Hal yang membedakan proyek ini adalah caranya melibatkan warga. Tidak ada kontraktor, tidak ada mesin berat. Semuanya dikerjakan bersama. Para bapak menggali tanah, anak muda mengangkat batu, dan ibu-ibu memasak untuk para pekerja. Keringat bercampur harapan. Saat air pertama kali keluar dari pipa pada awal 2020, langit mendadak mendung, lalu hujan turun deras seolah alam ikut bersyukur.
“Awalnya kami dianggap mimpi, karena banyak yang tidak percaya air bisa sampai ke sana,” kata Reza tersenyum.
4. Saat harapan nyaris kering di Karangasem, uluran tangan justru mengalir dari Medan

Jalan menuju perubahan jarang lurus. Dana pembangunan kerap tersendat. Penggalangan bantuan daring sempat berhenti di angka 2 jutaan rupiah. Reza Riyady Pragita mulai khawatir proyek itu akan gagal sebelum mengalirkan setetes air. Namun, entah dari mana, datang kabar dari Medan, yang menyumbangkan lebih dari 20—30 jutaan rupiah untuk proyek air itu.
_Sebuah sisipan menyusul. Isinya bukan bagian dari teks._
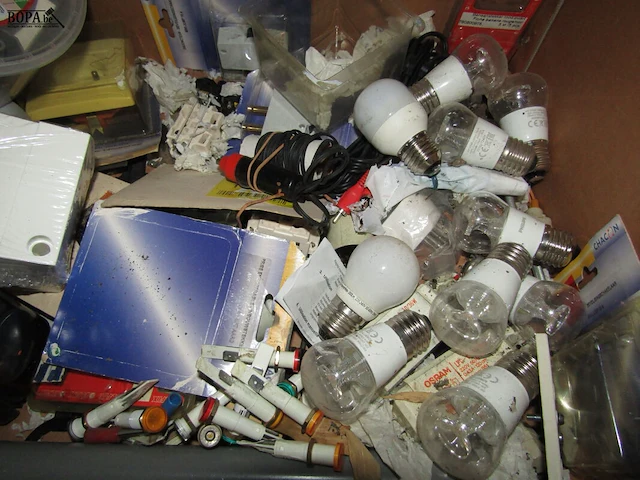 Lot 19 - materiaal voor elektrische installaties - afbeelding 2 van  2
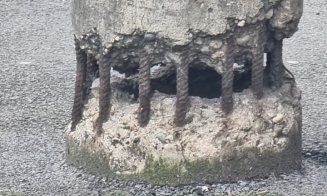 Stâlp din Cluj-Napoca, gata să cadă, pe o stradă intens cirulată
Bagi Reza, peristiwa itu lebih dari sekadar bantuan finansial. Dia melihatnya sebagai bukti, kebaikan masih memiliki daya menjalar, seperti air yang mencari celah untuk terus mengalir. Dari situlah SAUS berkembang, tidak hanya sebagai sebuah proyek sosial, tetapi juga gerakan kecil yang menumbuhkan solidaritas. Ini ibarat air kehidupan, sesuatu yang membasahi tanah sekaligus melembutkan hati.
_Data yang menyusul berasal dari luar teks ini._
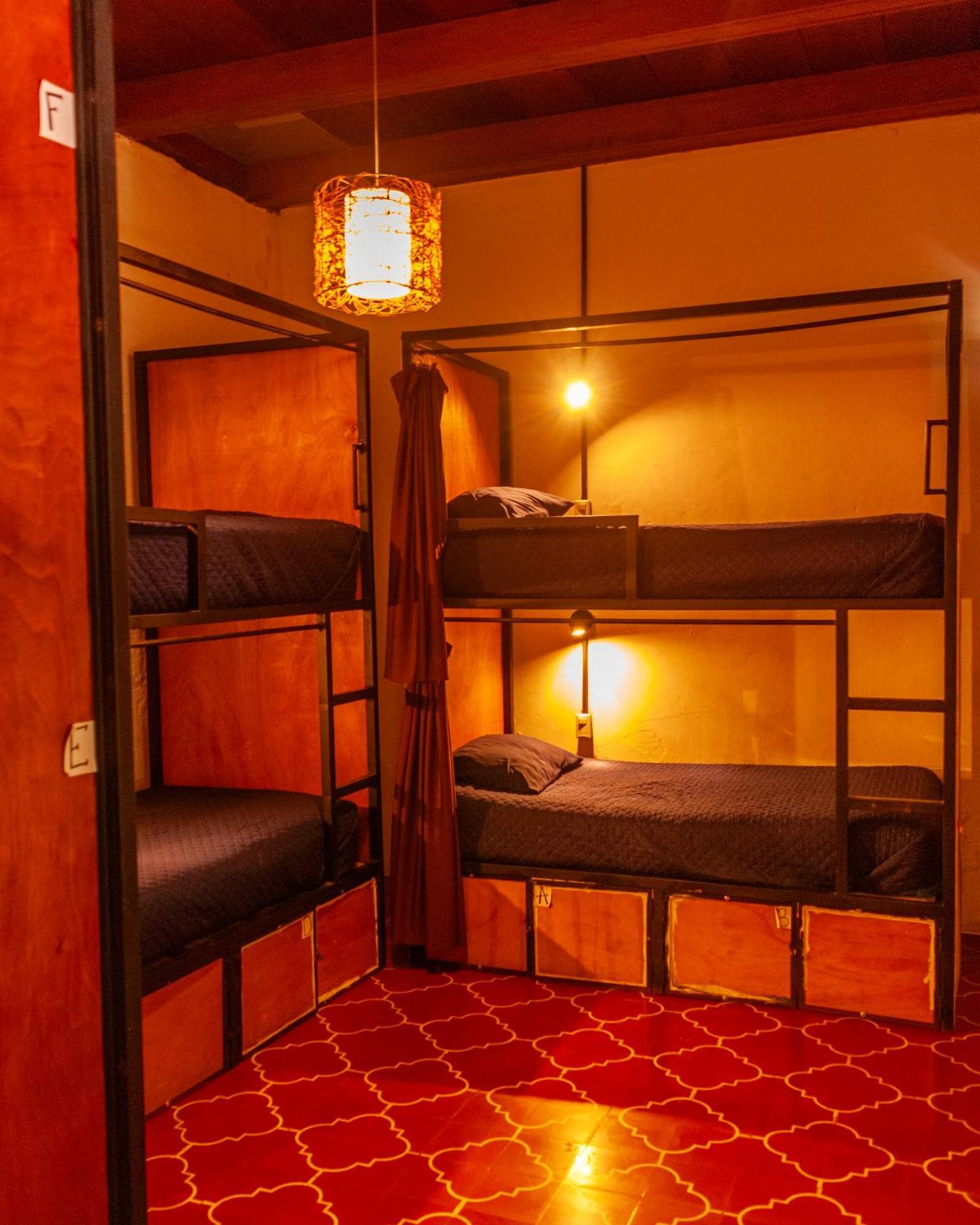 Tzunun Hostel Antigua Exteriör bild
5. Air pun membangun mimpi tentang kemandirian

Pembangunan bak penampungan air mulai membawa perubahan nyata. Anak-anak Desa Ban bisa berangkat ke sekolah tanpa haus. Para lansia tak lagi menunggu truk bantuan untuk mandi. Ibu-ibu kini menanam sayur di pekarangan yang dulu gersang. Air bukan hanya memberi kehidupan, melainkan juga membuka ruang bagi martabat dan harapan.
Reza Riyady Pragita kini bermimpi lebih besar. Dia ingin desa-desa di timur Bali mengelola airnya secara mandiri, bahkan menjadikannya sumber ekonomi baru, seperti air mineral dan desa wisata. Air tidak hanya untuk diminum atau disiramkan ke tanah, tetapi juga untuk menumbuhkan kemandirian. “Bukankah hidup seperti pohon? Hidup untuk menghidupi, selalu senantiasa memberikan manfaat bagi banyak orang," katanya di salah satu unggahannya di Instagram pada 4 November 2024.
Dari langkah seorang perawat muda, air kini mengalir di tanah yang dulu retak. Di balik citra glamor Bali, Reza telah menunjukkan sisi lain pulau ini. Tempat di mana gotong royong, empati, dan tekad bisa menghidupkan kembali harapan. Air memang tampak sederhana—bening tak berwujud besar. Namun, di tangan orang yang percaya, ia menjadi metafora paling indah tentang kasih dan kehidupan. Dari satu niat kecil, Reza mengalirkan perubahan. Dari satu aliran air, lahir kisah yang akan terus bergerak dari nurani ke nurani.